Last week the Irish racing integrity statistics for 2017 were released by the Irish Horseracing Regulatory Board (formerly known as the Turf Club) and much of the focus has been on the continuance of a long-running decline in numbers of trainers in Ireland.

The latest stats reveal that the number of trainers has dropped to 578 from 805 a decade earlier. This is of course an important matter worthy of discussion, but it was a big surprise that the most glaring statistics in the release have hardly warranted any public comment at all, that of the running-and-riding enquiries in 2017.

When the long-awaited reforms to the non-trier rules in Ireland were delivered at the beginning of 2017, they were billed as “the most complete running and riding regulations in any jurisdiction.” The new rules kicked in on January 20th and the three months the followed saw an increase in stewarding activity.

Indeed, in the first 56 race meetings after the new rules were introduced, there were 13 running-and-riding enquiries, six of which resulted in punishments for the trainer, jockey and horse, in addition to two which resulted in bans for the rider alone.

Without doubt the most high-profile of these bans was the one surrounding the Aidan O’Brien-trained Music Box at Dundalk, an action that seemed designed to exhibit that the stewards meant business and that the rules would be applied across all levels of the sport in Ireland.

However, the real test of anything is over the long term and now with a full year having passed and the full set of data being made available, it is an appropriate time to assess whether the introduction of the new non-trier rules were the game changer in 2017 that it had been hoped they would be.

With that in mind, here are the full numbers for the last four full years, with the final row of numbers being the number of times a punishment was dished out under the running and riding rules that was not subsequently reduced or quashed on appeal.

Turf Club Integrity Statistics

Year2014201520162017
Number of Runners27,47627,04728,93129,936
Number of running and riding enquiries38272929
Punishments2107

Those numbers tell us a number of things.

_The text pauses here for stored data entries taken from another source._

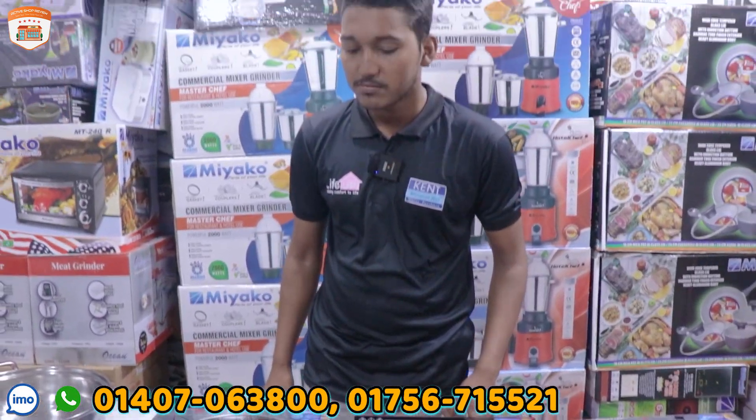Thank you so much! Can you tell us your location? It's a shop — New Market, Dixas Village, City Complex.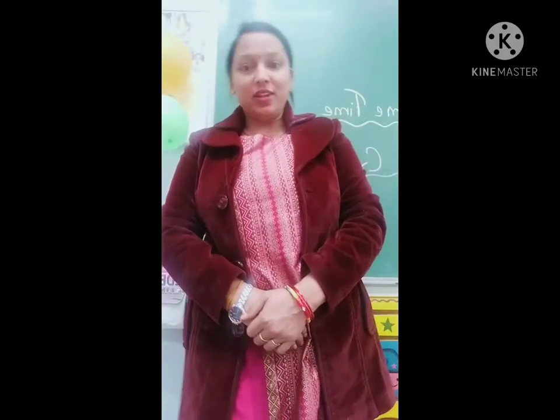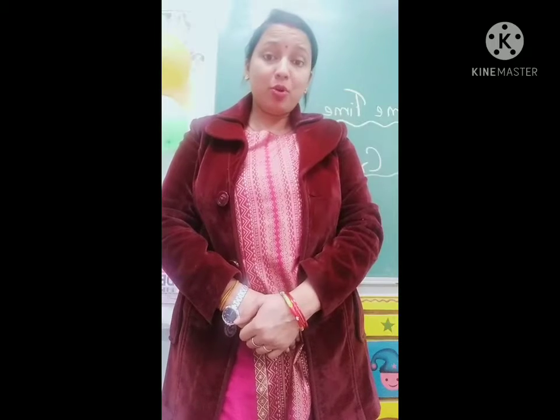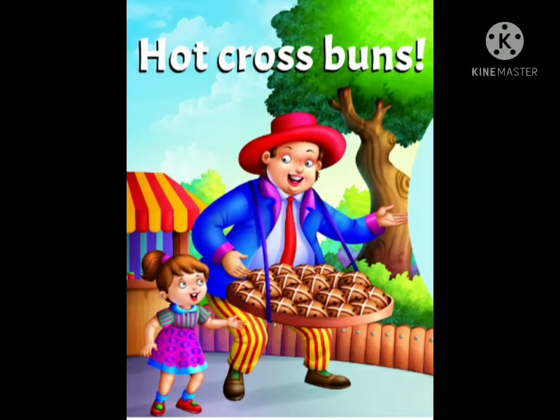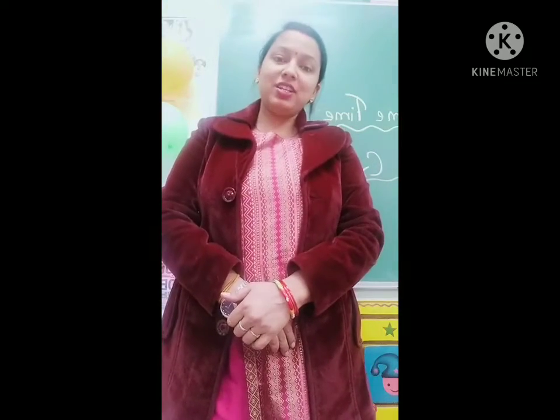Hello children, today we are going to learn a new rhyme of this month and the name of the rhyme is Hot Cross Buns. So let's start the rhyme with action and tune.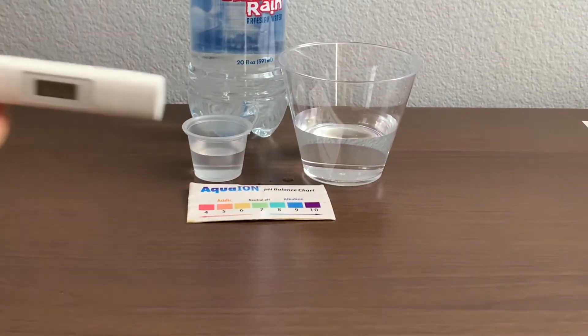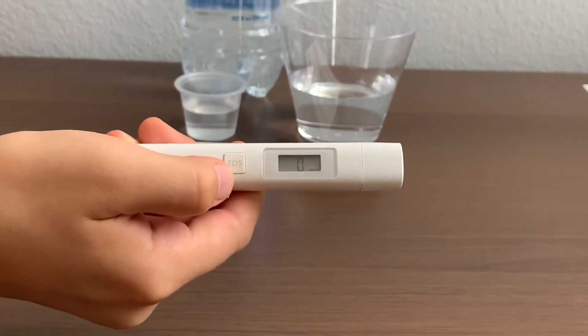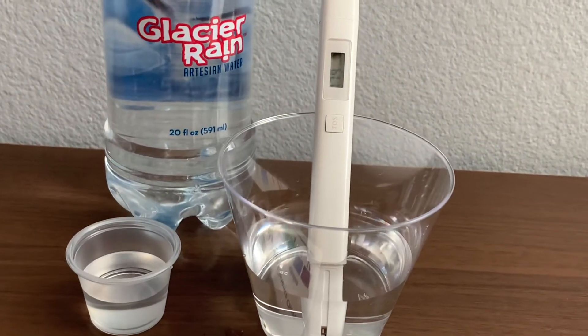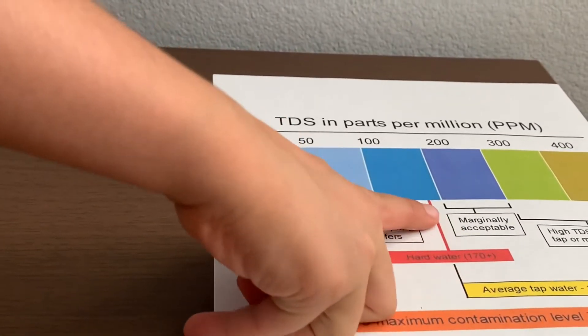First, let's test the TDS level. Turn on the TDS tester, make sure it says 0, and put it in. One hundred seventy-nine. That is high TDS water.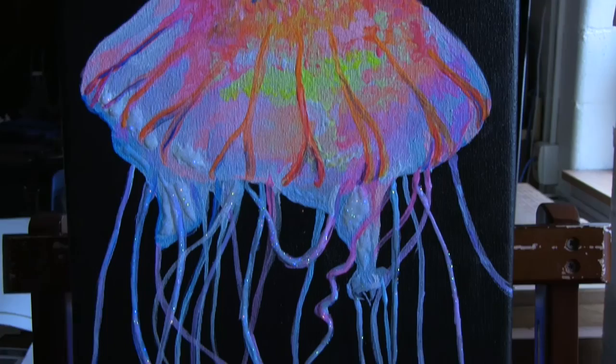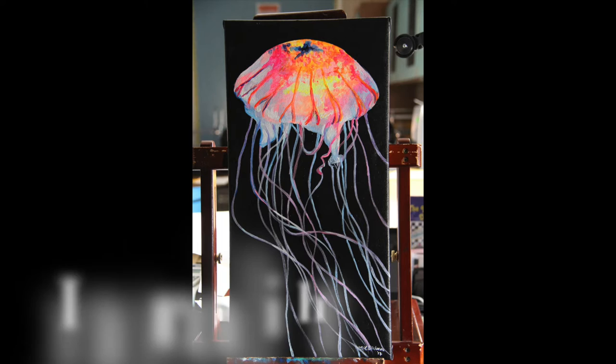Of course, while I was at Michael's, I bought some glitter, and I actually added it to some of the tentacles, which makes it look rather cool in my opinion.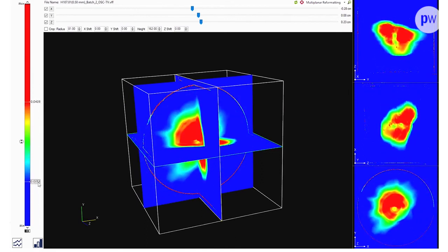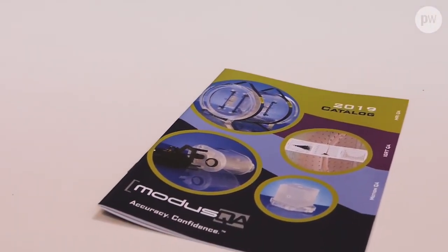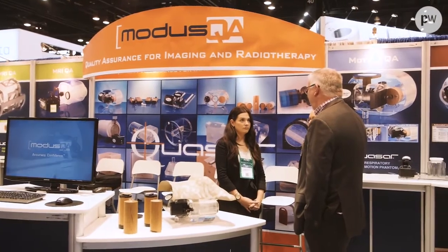This system is linear up to 90 gray and operates at very high spatial resolution. The signal is stable for days after irradiation, and the gels themselves are stable for months prior to irradiation, so they can be stored at room temperature before being used.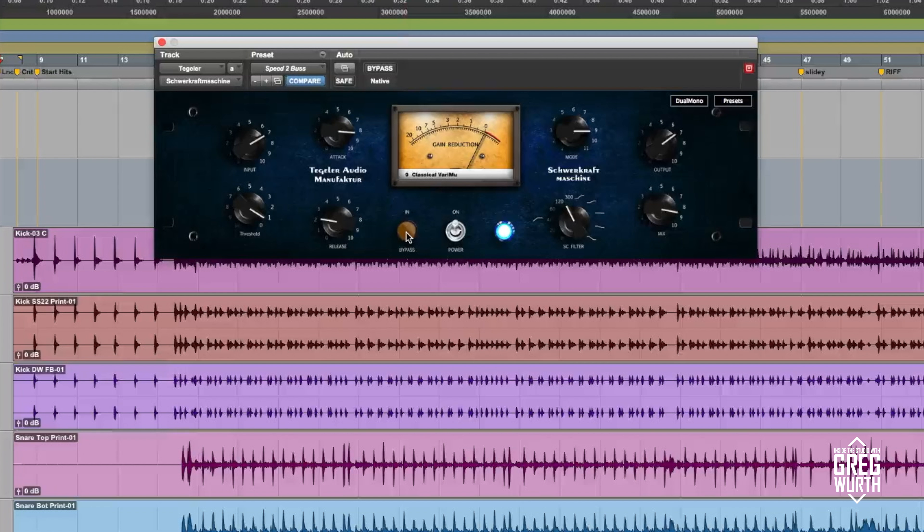Now let's move on to the stereo bus. I've got it in mode 9, which is classical vari-mu — that nice vari-mu sound that's known for gluing the track together, and this definitely did that. Again, I've got the sidechain filter going and a little bit of parallel compression happening. I'm going to start it from the top.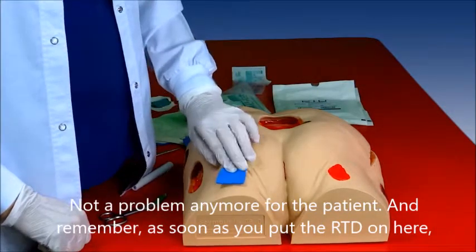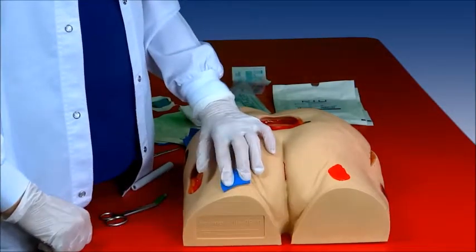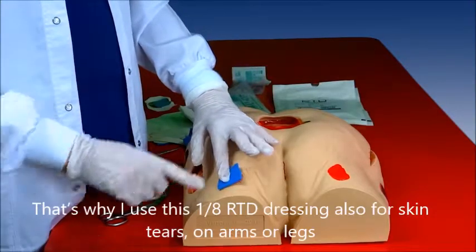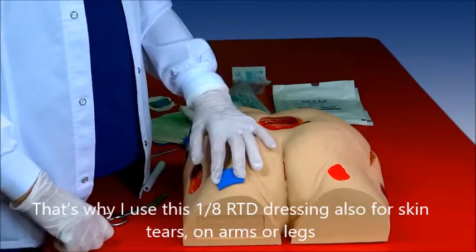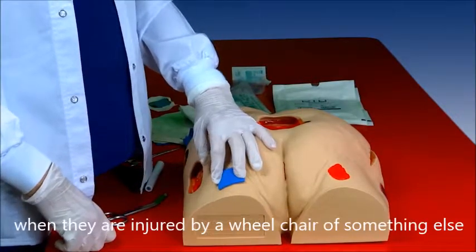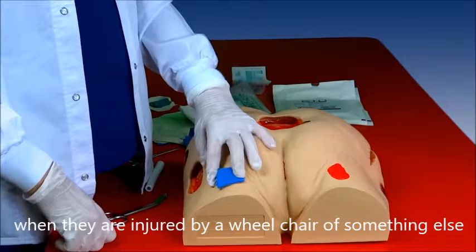Remember, as you put the RTD on here, the pain is going to go away, and that's a really added benefit. That's why I use this dressing — this one-eighth — also for skin tears on the arms or the legs if they occur when they're injured by a wheelchair or whatever.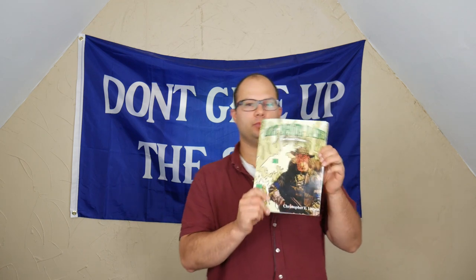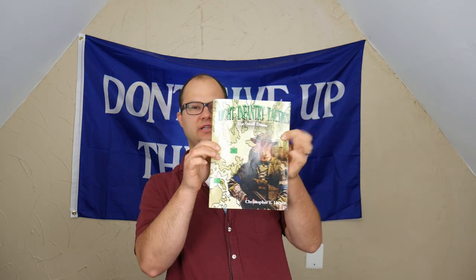Hey everybody, Dylan Schumacher, Citadel Defense, and today we're going to do another edition of a tactical book review. The book for today is Light Infantry Tactics for Small Teams by Christopher E. Larson.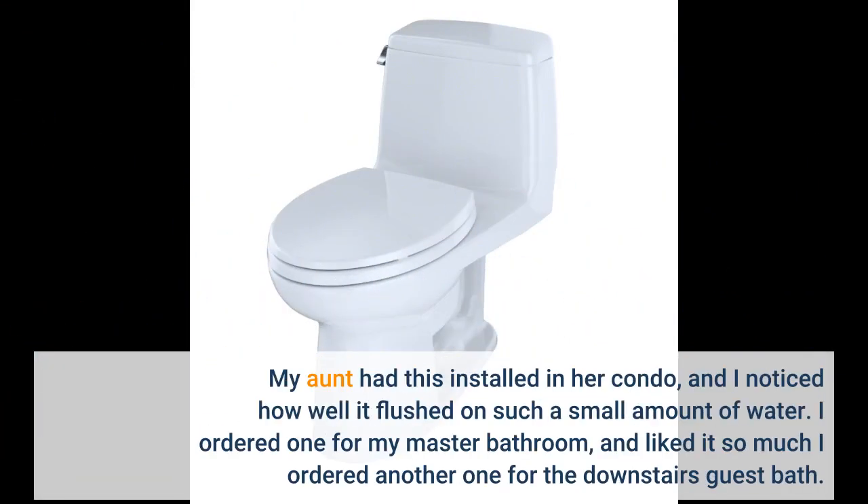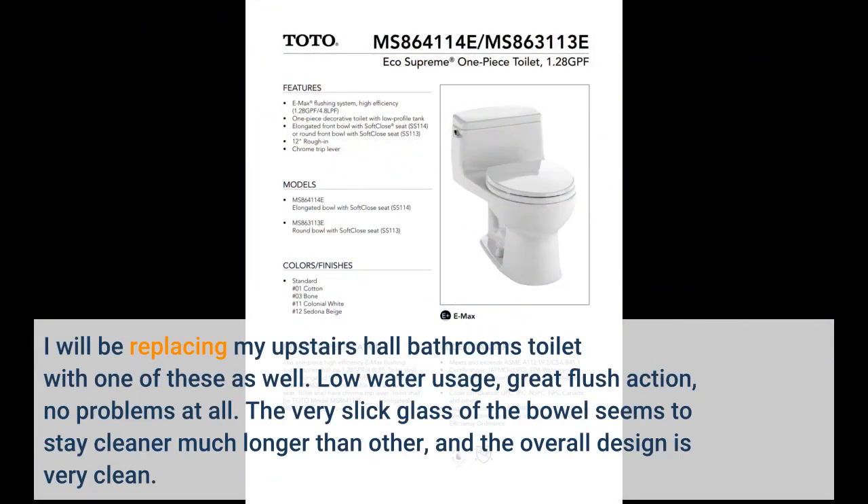My aunt had this installed in her condo, and I noticed how well it flushed on such a small amount of water. I ordered one for my master bathroom, and liked it so much I ordered another one for the downstairs guest bath. I will be replacing my upstairs hall bathroom's toilet with one of these as well. Low water usage, great flush action, no problems at all.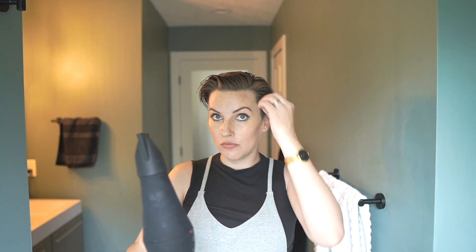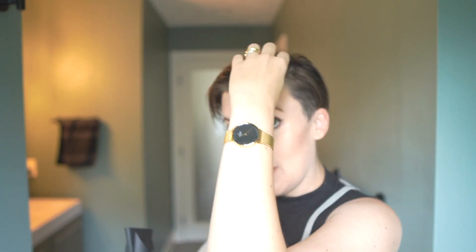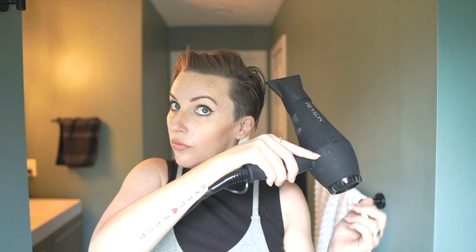First, I get this part dry first, so that when I switch to blow drying against the grain, this is already established and doesn't flop back over. This kind of establishes that strong hold of the push to the right. Now I'm going to keep going against the curve, and I'll section off and do it piece by piece, section by section.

Firstly, and most positively for the IHRB is that they show that the new rules have achieved one of their main goals in that it has given the raceday stewards a more robust means to police the sport. It has allowed them to punish wrongdoing more effectively and crucially, their judgements have stood up much better to the appeal process than has been the case in the past.

However, that it where the good news ends. What those numbers also tell us is that while there was a notable increase in stewarding activity in the first few months after the introduction of the new rules, that was very much balanced out by notably less enquiries later in the year resulting in a final tally of running and riding enquiries that merely matched the total from the previous year.

While the IHRB are likely to try and spin this as an indication that trainers and riders became more rule-abiding in the aftermath of that rush of stewarding activity, anyone that watches Irish racing closely is likely to disagree with that explanation. More likely, the raceday stewards were given a good squeeze from the top to up their activity levels in the aftermath of the rule change, but after a while things soon reverted back to normal in terms of policing activity.

Indeed, that was my biggest takeaway from these numbers. After these new rules were introduced, I wrapped up a piece on the subject in this space with these lines: “Supporters of Irish racing can only hope that 2017 will prove to be the year that the Turf Club started to go about policing the sport with a rigour that befits a jurisdiction that has aspirations to be considered the best in the world. Whether this transpires remains to be seen, but at least they can now do the job they are supposed to do without nearly as much fear of their decisions being undermined by appeals and legal challenges. Will 2017 represent a new dawn in the integrity of Irish racing? Only time will tell.”

Unfortunately, what time has told is that rather using what is a vastly-improved and robust non-triers rule to police Irish racing with the rigour that is warranted, the IHRB instead went down the road of making an early show for the cameras and then quietly slid back into their previous state of stewarding inertia.

For there to have been no more than 29 running-and-riding enquiries from over 2,500 races in each of the last three years can only be described as one thing, embarrassing. Anyone that watches Irish racing closely will know that such numbers are a grossly-inadequate effort to police the sport.

Irish racing has an image problem with its integrity both at home and abroad and stats like these only serve to reinforce the notion that it is effectively a free-for-all with no consistency in the enforcement of the rules.

Indeed, it wouldn’t be unreasonable to ponder whether the biggest non-trier problem in Irish racing is on the racecourses or in the stewards’ rooms.

All of this leads us back to the well-worn argument of whether a centralised panel of professional stewards would be a more appropriate means to police the integrity of Irish racing. The amateur raceday stewards still very much have an important role to play at the races, but perhaps the enforcing of the integrity rules and decisions on result-altering stewards’ enquiries should be left in the hands of professionals that can do it with a consistency and rigour that will leave none of the sport’s participants in any doubt of the standards that are expected of them.

The current stewarding system has been trying and failing to clean up Irish racing for long enough. It is surely time for a change.